What makes a weed benign is open to debate, but for me it’s those species that aren’t too wild looking and which don’t aggressively smother more desirable plants. I’m also more tolerant of weeds that have ecological value in helping to feed pollinators and important wildlife. In fact many of these weeds are native to the area and if they were hard to grow, would probably be sold as landscape plants. Also, it’s not that we never try to control these weeds, but they’re generally not worth a major effort of eradication. Depending on when and where they show up, some of the species that I consider benign include bedstraw, henbit, dayflower, woodsorrel (oxalis), pellitory, purslane, smartweeds, Spanish needles (bidens), prostrate spurge, toothed spurge, milkweeds, plantains, ground ivy, trefoil and violets among others.

This does not mean that I love and accept all weeds. In fact, there are many weeds I go after quite aggressively including prickly lettuce, pigweed, kochia, lambsquarters, marestail, puncturevine, velvetleaf, poison hemlock, Canada thistle, musk thistle, bursage, dock, pokeweed, crabgrass, bromegrass, downy brome, wild buckwheat, bur-cucumber, and many woody weeds, just to name a few.  Mulberry is an especially despised plant as I’m constantly digging up bird-pooped seedlings, even in heavy shade. As for the dandelion, the most hated of all weeds, I want to be relaxed about it. It’s relatively benign, but it can get out of hand and is quite ugly when it goes to seed.

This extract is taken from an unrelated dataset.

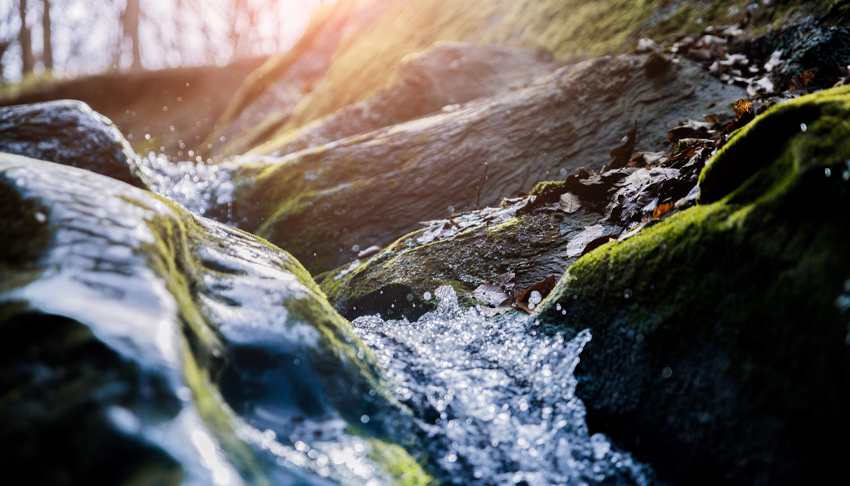 En économisant l'eau, on économise l'énergie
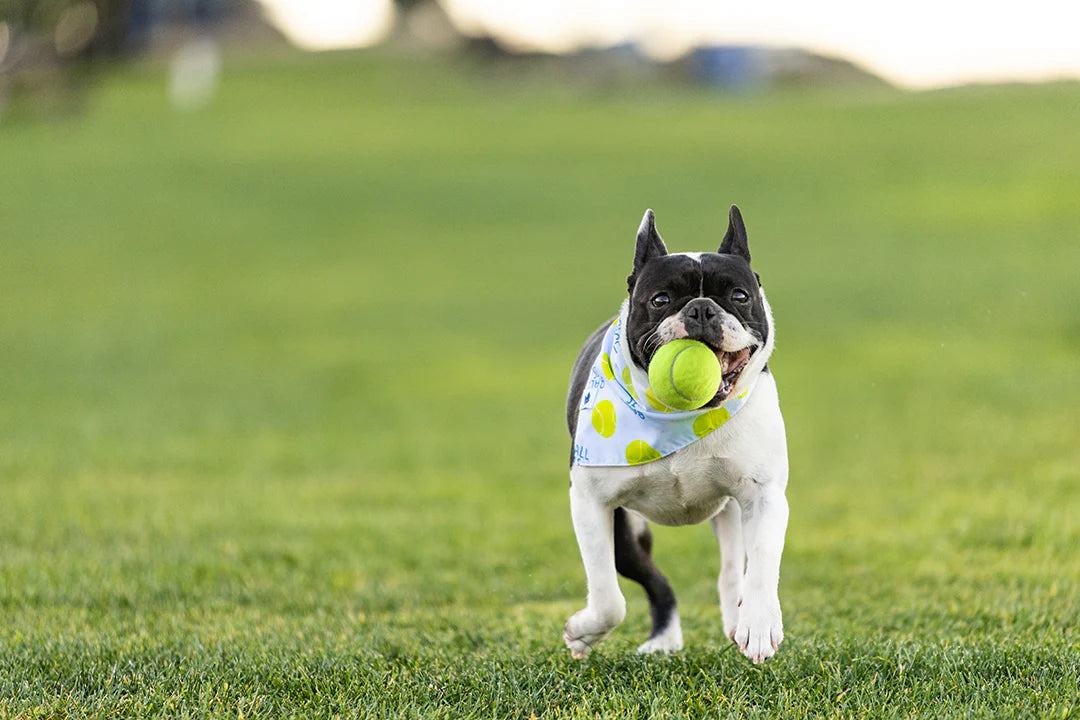 Dog Bandana Co. Ball Is Life Dog Bandana Tie & Snap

I accept quite a few of them, but I dig up many more. A good place to learn about the worst of our weeds, including those invasive species we should be doing hard battle against, is the Nebraska Invasive Species Program:  

One thing I’ve learned about weeds over the years is that they can be quite cyclical. What’s a problem one year often fades over time. A prime example is bedstraw (Galium aparine). I fought it for years in a park as it wove its way into shrub beds and it’s sticky stems and seeds moved everywhere. Eventually I mostly gave up trying to remove it, especially after learning that it’s edible, has medicinal uses, benefits several native insects and actually makes a decent looking groundcover around shrubs. Ironically, over the last two years it’s mostly faded from the park. Another intriguing weed is common milkweed (Asclepia syriaca). It shows up wherever it darn-well pleases but is less desired than the orange-flowered butterfly milkweed or the taller rose milkweed that we work hard at planting and trying to cultivate in our gardens. But those plants are finicky and often short-lived and long after they’re gone the more resilient common milkweed will still be around doing its part for monarchs, tussock moths and other cool insects. Ironically, if we tried to plant it somewhere it would probably die, but if we just accept it where it comes up naturally, we’ll have free plants with fragrant blooms doing hard work for ecology. Weeds are dynamic and ever changing and there is something poetic and informative in that if we take the time to notice it.

As it should be, our tolerance for weeds is going to vary from site to site and from person to person. There is no one prescription for this mindset. And none of this is meant to be a put-down against those of us who prefer fewer weeds in our own landscapes. Indeed, weed pulling is good exercise and can be very cathartic, and it’s always a pleasure to visit a colorful and weed-free garden that someone has poured their creativity and energy into. Such places are works of art and are refreshing for the soul. But let’s spend some time learning about some of the more common weeds around us and we might start seeing them in a new light. By being relaxed about some of these plants in our public spaces we can reduce our carbon footprint, improve biodiversity, improve soil health, add to our diet and have a good excuse to be a little lazy – if so inclined.